Manually denormalize the data

To denormalize the data, join the data into a new BigQuery table that has one row for each artist's recording, together with selected metadata you want retained for analysis.

  1. In the GCP Console, copy the following query and paste it into the Query Editor:

    SELECT artist.id, artist.gid as artist_gid,
           artist.name as artist_name, artist.area,
           recording.name as recording_name, recording.length,
           recording.gid as recording_gid, recording.video
      FROM `[PROJECT_ID].[DATASET].artist` as artist
          INNER JOIN `[PROJECT_ID].[DATASET].artist_credit_name` AS artist_credit_name
               ON artist.id = artist_credit_name.artist
          INNER JOIN `[PROJECT_ID].[DATASET].recording` AS recording
               ON artist_credit_name.artist_credit = recording.artist_credit
    

    Replace [DATASET] with the name of the dataset you previously created, for example, musicbrainz, and [PROJECT_ID] with your GCP project ID.

  2. Click the More drop-down list, and then select Query settings.

  3. In the Query settings card, do the following:

    1. Select Set a destination table for query results checkbox.
    2. In Table name enter recordings_by_artists_manual.
    3. For Destination table write preference, click Overwrite table.
    4. Select the Allow Large Results (no size limit) checkbox.
    5. Leave Job Priority as default Interactive.
    6. Leave SQL Dialect as default Standard.
    7. Click Save.
  4. Click Run.

    When the query is complete, the data from the query result is organized into songs for each artist in the newly created BigQuery table.

    Query settings for destination table.

Approach 2: ETL into BigQuery with Cloud Dataflow

In this section of the tutorial, instead of using the BigQuery UI, you use a sample program to load data into BigQuery by using a Cloud Dataflow pipeline. Then, you use the Cloud Dataflow programming model to denormalize and cleanse data to load into BigQuery.

Before you begin, review the concepts and the sample code.

Review the concepts

Although the data is small and can quickly be uploaded by using the BigQuery UI, for the purpose of this tutorial you can also use Cloud Dataflow for ETL. Use Cloud Dataflow for ETL into BigQuery instead of the BigQuery UI when you are performing massive joins, that is, from around 500-5000 columns of more than 10 TB of data, with the following goals:

  • You want to clean or transform your data as it's loaded into BigQuery, instead of storing it and joining afterwards. As a result, this approach also has lower storage requirements because data is only stored in BiqQuery in it's joined and transformed state.
  • You plan to do custom data cleansing (which cannot be simply achieved with SQL).
  • You plan to combine the data with data outside of the OLTP, such as logs or remotely accessed data, during the loading process.
  • You plan to automate testing and deployment of data-loading logic using continuous integration or continuous deployment (CI/CD).
  • You anticipate gradual iteration, enhancement, and improvement of the ETL process over time.
  • You plan to add data incrementally, as opposed to performing a one-time ETL.

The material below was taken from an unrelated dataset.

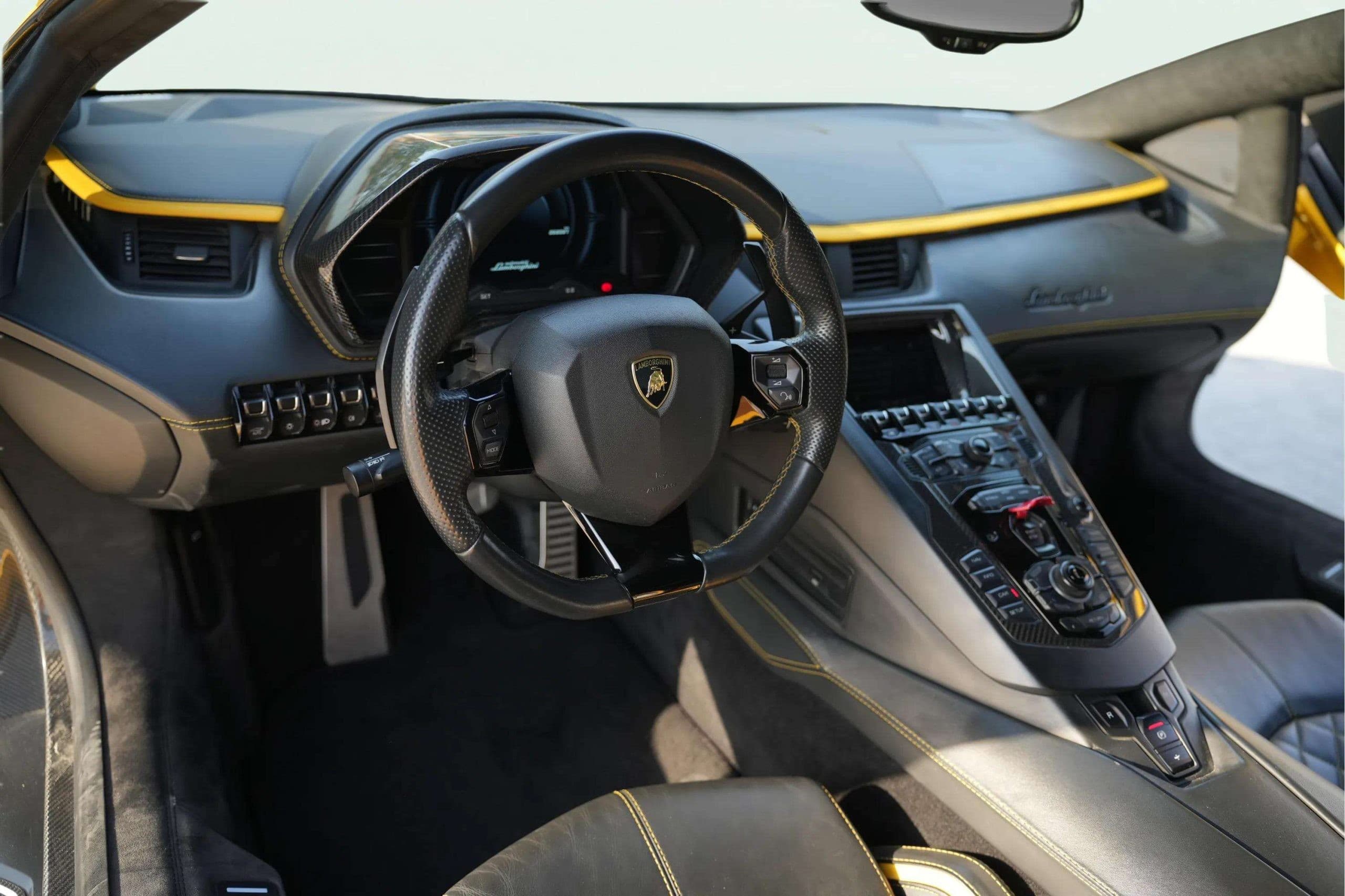 LAMBORGHINI Aventador S - Image 2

Here's a diagram of the data pipeline that's created by the sample program:

Data pipeline using BigQuery.

In the example code, many of the pipeline steps are grouped or wrapped in convenience methods, given descriptive names, and reused. In the diagram, reused steps are indicated by dashed borders.

Review the pipeline code

The code creates a pipeline that performs the following steps:

  1. Loads each table that you want to be part of the join into a PCollection of strings. Each element comprises the JSON representation of a row of the table.

    public static PCollection<String> loadText(Pipeline p, String name) {
      BQETLOptions options = (BQETLOptions) p.getOptions();
      String loadingBucket = options.getLoadingBucketURL();
      String objectToLoad = storedObjectName(loadingBucket, name);
      return p.apply(name, TextIO.read().from(objectToLoad));
    }
  2. Converts those JSON strings to object representations, MusicBrainzDataObject objects, and then organize the object representations by one of the column values, such as a primary or foreign key.

    public static PCollection<KV<Long, MusicBrainzDataObject>> loadTableFromText(PCollection<String> text, String name, String keyName) {
      final String namespacedKeyname = name + "_" + keyName;
      return text.apply("load " + name,
                        MapElements
                          .into(new TypeDescriptor<KV<Long, MusicBrainzDataObject>>() {})
                          .via( (String input) -> {
                                MusicBrainzDataObject datum = JSONReader.readObject(name, input);
                                Long key = (Long) datum.getColumnValue(namespacedKeyname);
                                return KV.of(key, datum);
                                })
             );
    }
  3. Joins the list based on common artist. The artist_credit_name links an artist credit with its recording and includes the artist foreign key. The artist_credit_name table is loaded as a list of key value KV objects. The K member is the artist.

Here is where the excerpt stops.